Kanımca Türkiye bilim anlayışını gözden geçirmeye mecburdur. Bunu yaparken de Atatürk’ü örnek. almalıdır. Prof. Geoffery Lewis’in dediği gibi Atatürk, “Özünde bir bilgindir.” Okuduğu kitaplara, yaptığı, araştırma ve incelemelere bakınca bu sonuca varmak mümkündür.. O, bir sözcüğün kökeninin nerden geldiğini bulunca, “Uzun bir çalışmadan sonra bunu keşfettiğim zaman, Sakarya muharebesini kazandığım dakikadaki memnuniyeti duydum.” diyecek kadar bilimsel heyecana sahipti. Atatürk’ün sofrası adeta bir bilim akademisi gibiydi. Sofrada bulunan kara tahtada başta dil ve tarih olmak üzere pek çok konudaki sorunlara çözüm üretilirdi. Atatürk, sofrasına çağırıp sabahlara kadar tartıştığı bilim adamlarına, “Sizlerle yaptığım bu ilmi konuşmalar, benim ruhumun gıdasıdır.” diyecek kadar bilime önem veren, Dolmabahçe Sarayı’ndaki çok güzel bir koltuğun kime ait olduğunu soranlara, “Bu koltuk bilim adamlarına aittir.” diyecek kadar ve Türkiye’ye gelen yabancı bilim adamlarına, milletvekillerinin üç katı maaş verecek kadar da bilim insanlarına değer veren bir devlet adamıydı. Onun bu özelliğini fark eden Herbert Melzig, Atatürk’e, “Çankaya Düşünürü” demişti. Okuduğu, yaklaşık 4000 küsür kitap, tarih ve dil konularında bizzat geliştirdiği tezler, matematik ve geometri alanlarında yaptığı çalışmalar ve yazdığı “tarih”, “sosyoloji” ve “geometri” kitapları ve yüksek bir edebi değere sahip olan “Nutuk” adlı eseri, Atatürk’ün aynı zamanda bir “bilim insanı” olduğunu kanıtlayacak güçtedir.

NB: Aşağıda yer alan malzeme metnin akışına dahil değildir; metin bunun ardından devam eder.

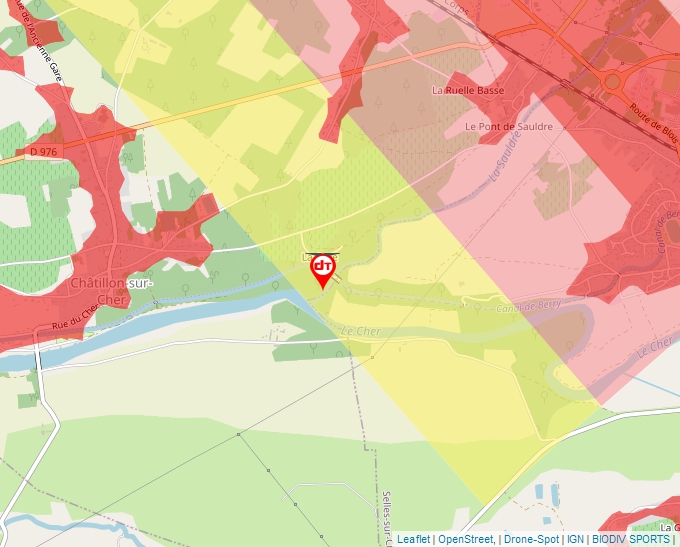 Carte Géoportail pour les drones de loisir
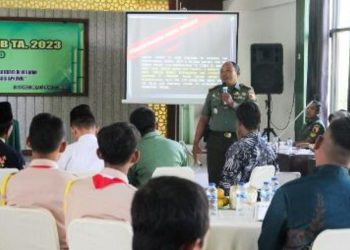 Keggiatan pembinaan Jaring Mitra Karib, di gedung Ahmad Yani Makodim Bojonegoro.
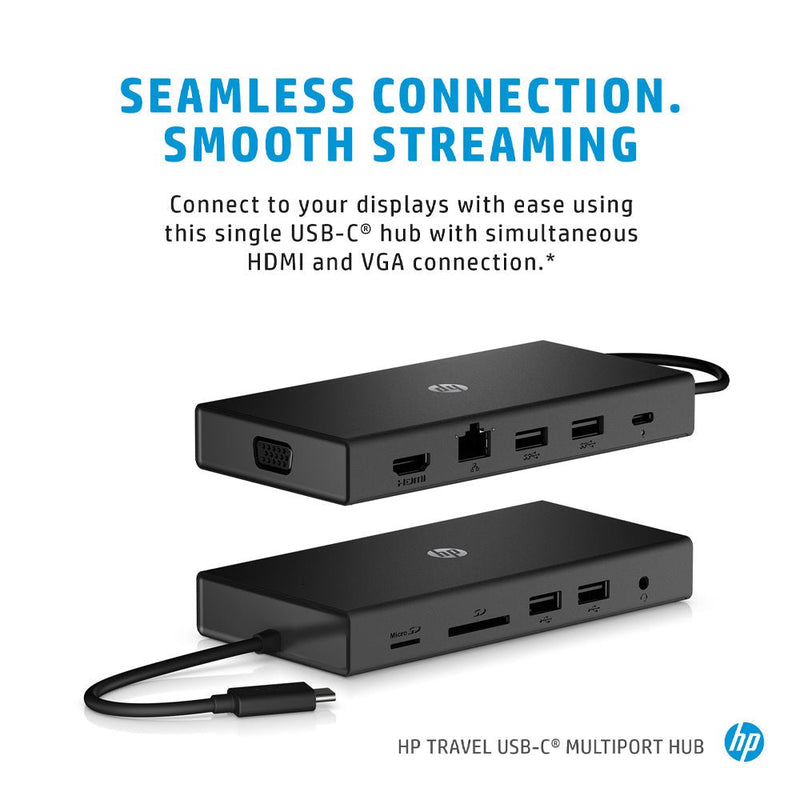 HP Travel USB - C Multi port Hub Docking Station with USB - C and RJ - 45 port - SWIFT PERIPHERALS1C1Y5AA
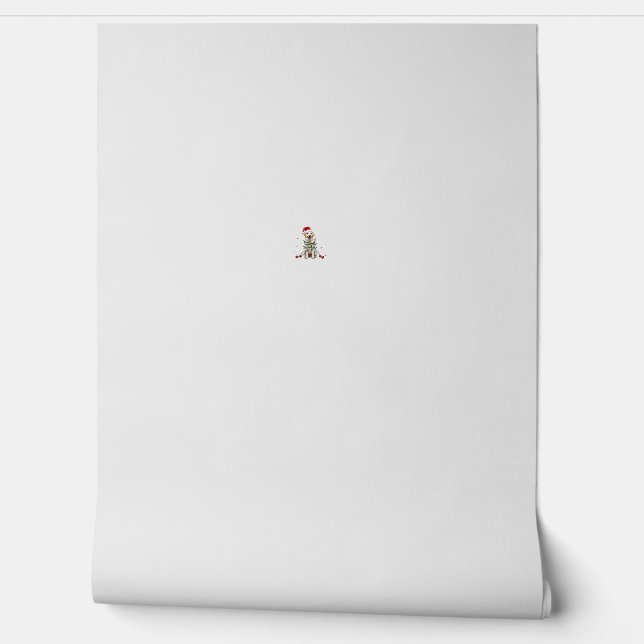 Witte Boxer Hond Lelijke Kerst Trui Funny Xmas  Behang (Afrollen)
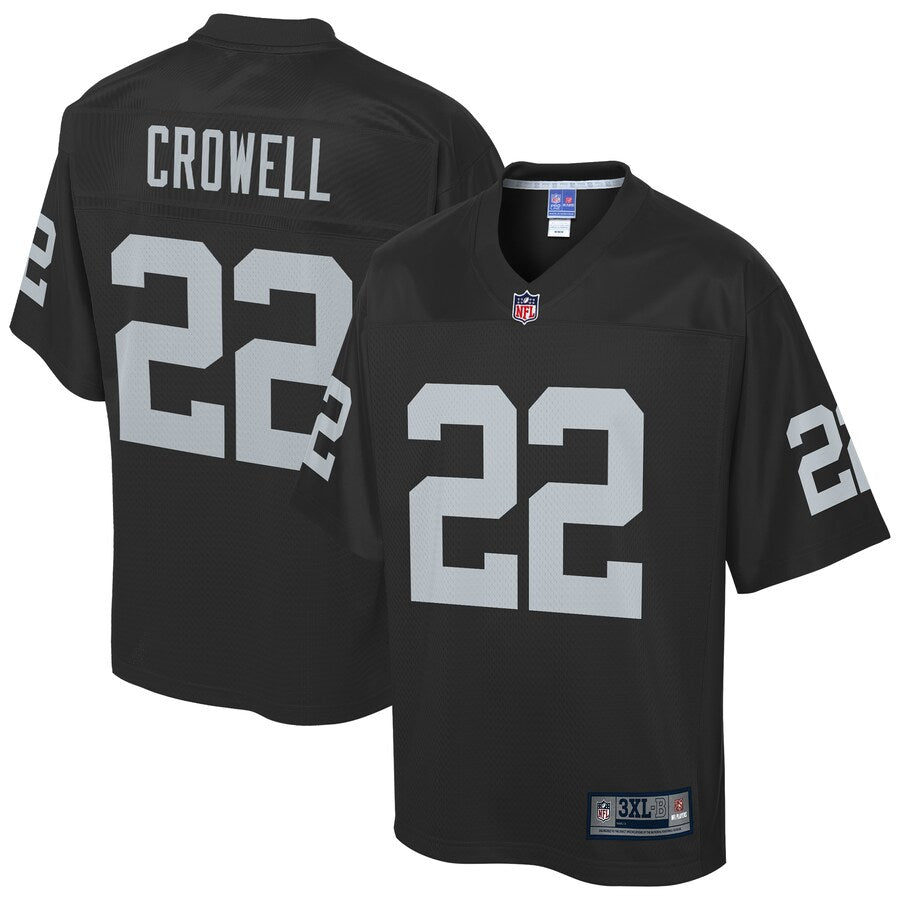 Las Vegas Raiders Isaiah Crowell Big Tall NFL jersey front view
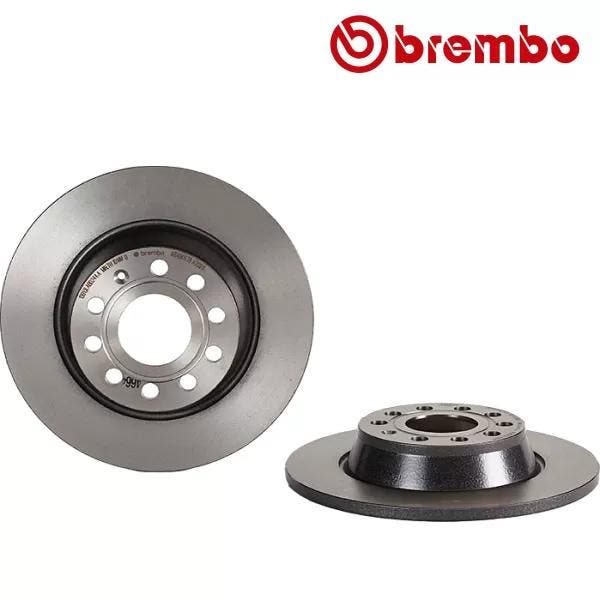 BREMBO Remschijf SEAT LEON 2.0 Cupra R achterzijde, Auto-onderdelen, Besturing, Nieuw, Verzenden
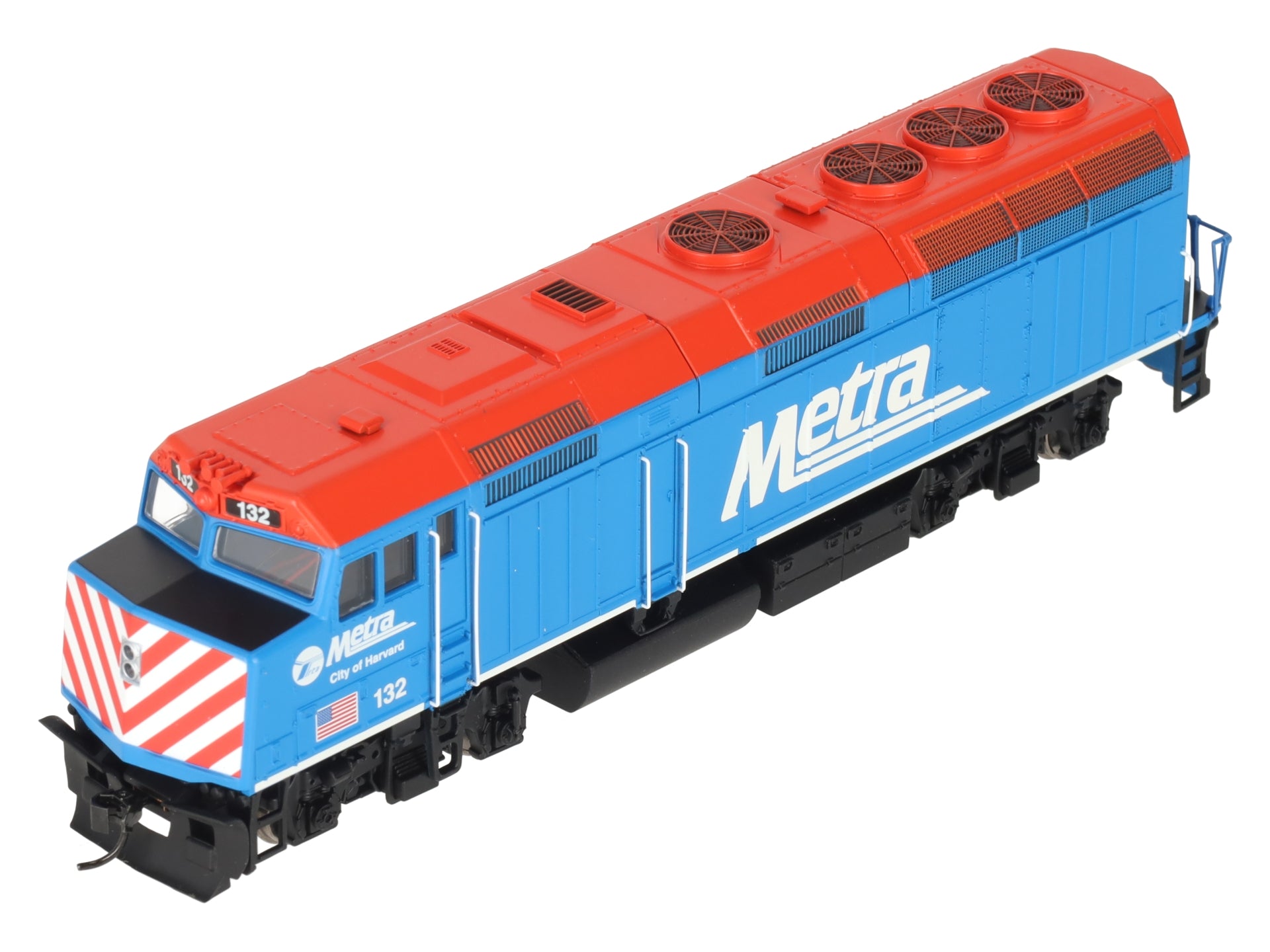 Walthers 910-19460 HO Scale Metra EMD F40PH Locomotive w/Sound & DCC #132 LN/Box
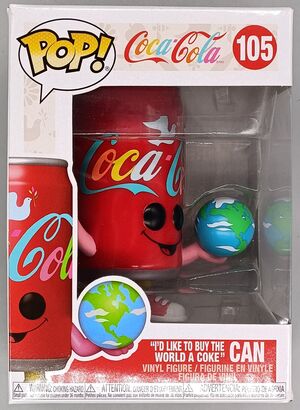 #105 Id Like to Buy the World a Coke Can - Coca Cola DAMAGED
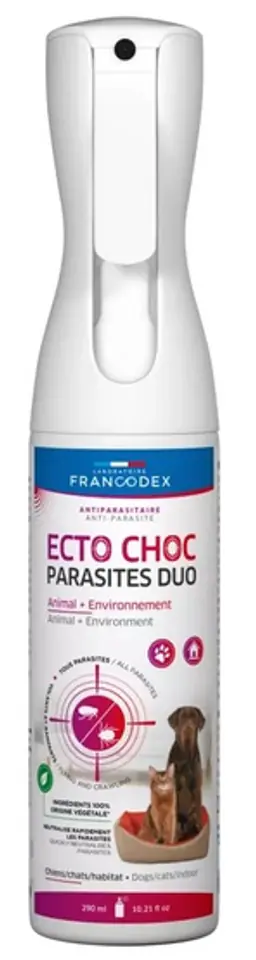 ⁨Francodex Ecto Choc Parasites Duo Mgiełka przeciwpasożytnicza dla psów i kotów 290ml⁩ w sklepie Wasserman.eu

Hepkon’un kabul edemediği de budur. O Atatürk’ü sadece siyasal ve askeri boyutlarıyla sınırlandırma yanlışlığına düşmüştür Hepkon Eleştirdiği Kitabı anlayarak okumamıştır Haluk Hepkon, “Atatürk ve Kayıp Kıta Mu” adlı eseri iyi okumadan ve doğru anlamadan eleştirmiştir. Hatta Hepkon, bir eleştirmenin asla yapmaması gereken bir yanlışlığa düşerek söz konusu eserin önsözünü okumayı ihmal etmiştir. Çünkü eğer eserin önsözünü okumuş olsaydı şu cümleleri kullanma yanlışlığına düşmeyecekti: “…Meydan, Dursun’u acelecilikle itham etmeyi ihmal etmeden , onbeş yıl sonra diğer raporların bulunduğu müjdesini veriyor. Hal ve tavrına bakan sözkonusu raporları Meydan’ın bulduğunu zannedebilir. Oysa Meydan’ın yaptığı yaklaşık iki yıl önce yayınlanmış raporları kendi yorumunu da katarak tekrar yayınlamaktan ibarettir.” Hepkon bu cümleleri ya dalgınlık ya da dikkatsizlik sonucunda kaleme almış olsa gerekir. Çünkü Meydan kitabının önsözünde Tahsin Bey’in Atatürk’ e gönderdiği raporların nasıl bulunup yayınlandığını tüm detaylarıyla anlatmış, kitabında hiçbir yerde “Bu raporları bulan benim dememiş ya da bunu ima etmemiştir! İşte Meydan’ın kitabında geçen bu konudaki cümlelerin bir bölümü: “Peki ya Tahsin Bey’in Meksika’dan Atatürk’e gönderdiği raporlar! Türkiye’de ilk kez bu konuyu işleyen Turan Dursun’du. Dursun 1990’da yayınlanan Din Bu II adlı kitabında Tahsin Bey’in Atatürk’e gönderdiği 14. Raporu yayınlamıştı. Turan Dursun 14. Raporu okuyucuyla paylaşmanın haklı gururunu yaşıyordu. (…) Turan Dursun Dışında 14. raporu Saçak Dergisi ve daha sonra da Doğu Perinçek Din ev Allah adlı kitabında kamuoyuna sundu.” (Atatürk ve Kayıp Kıta Mu, s.13) Açıkça görüldüğü gibi Meydan raporları ben buldum iddiasında ya da imasında değildir. Raporları bulan ve yayınlayanları tek tek açıklamıştır.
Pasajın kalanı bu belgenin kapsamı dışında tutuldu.